Pictures with short captions
▬▬▬

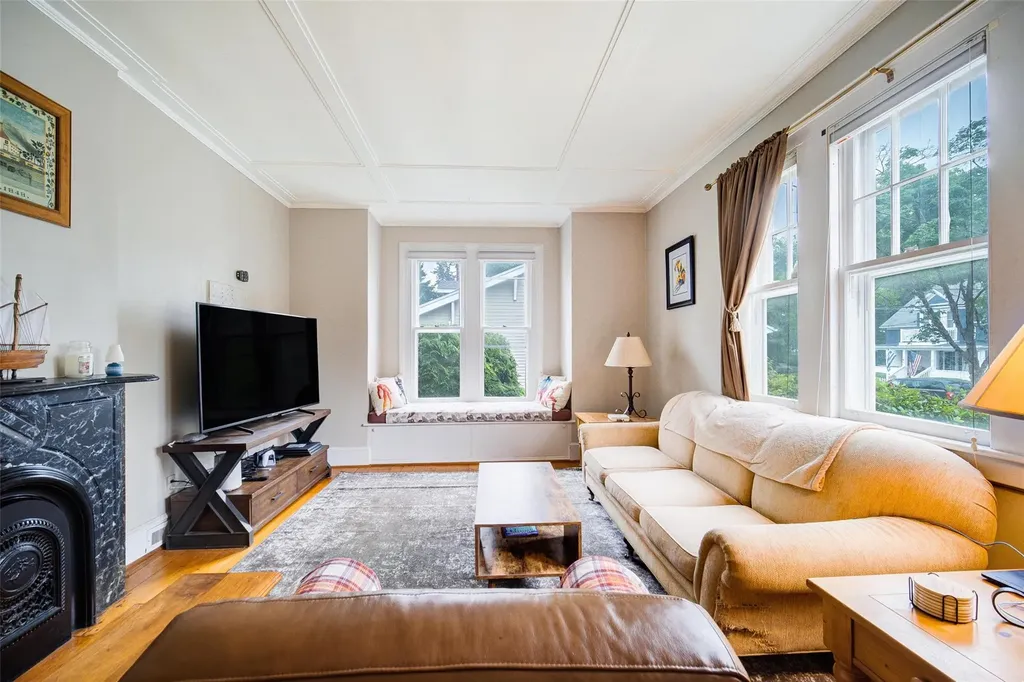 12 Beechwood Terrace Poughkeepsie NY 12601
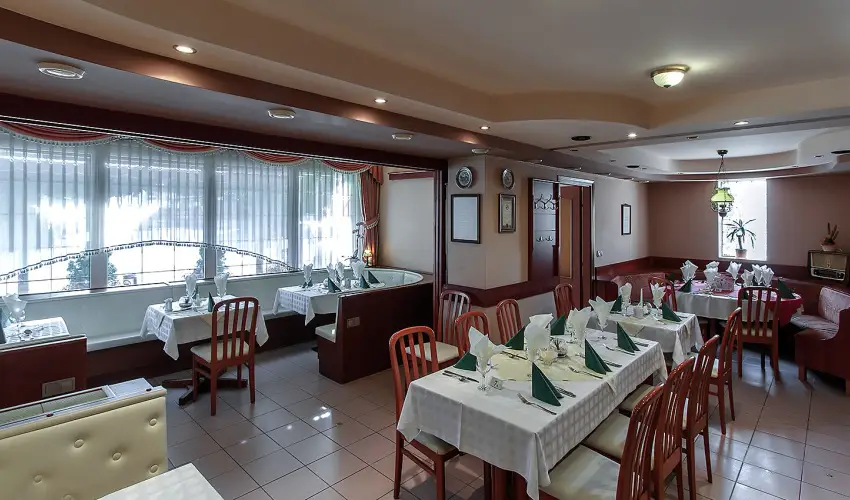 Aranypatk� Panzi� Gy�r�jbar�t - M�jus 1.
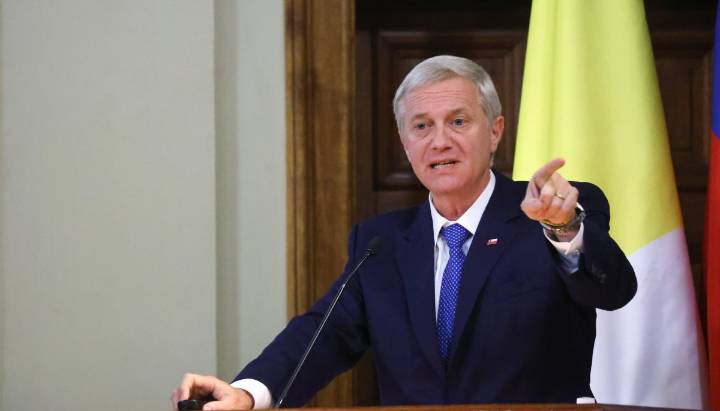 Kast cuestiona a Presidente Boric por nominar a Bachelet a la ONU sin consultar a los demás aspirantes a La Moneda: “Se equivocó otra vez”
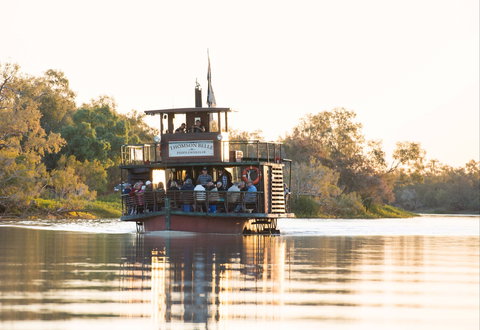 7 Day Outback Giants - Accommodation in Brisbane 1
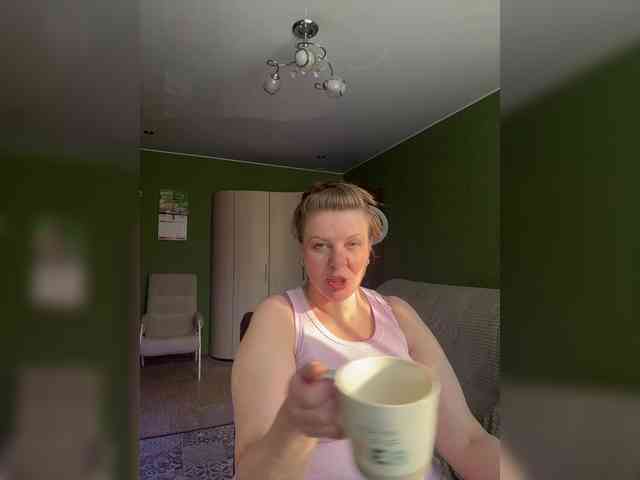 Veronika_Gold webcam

▬▬▬

**What the task requires**
Exclude every picture and copy the remaining data exactly.

**Exercise response**
 12 Beechwood Terrace Poughkeepsie NY 12601
 Aranypatk� Panzi� Gy�r�jbar�t - M�jus 1.
 Kast cuestiona a Presidente Boric por nominar a Bachelet a la ONU sin consultar a los demás aspirantes a La Moneda: “Se equivocó otra vez”
 7 Day Outback Giants - Accommodation in Brisbane 1
 Veronika_Gold webcam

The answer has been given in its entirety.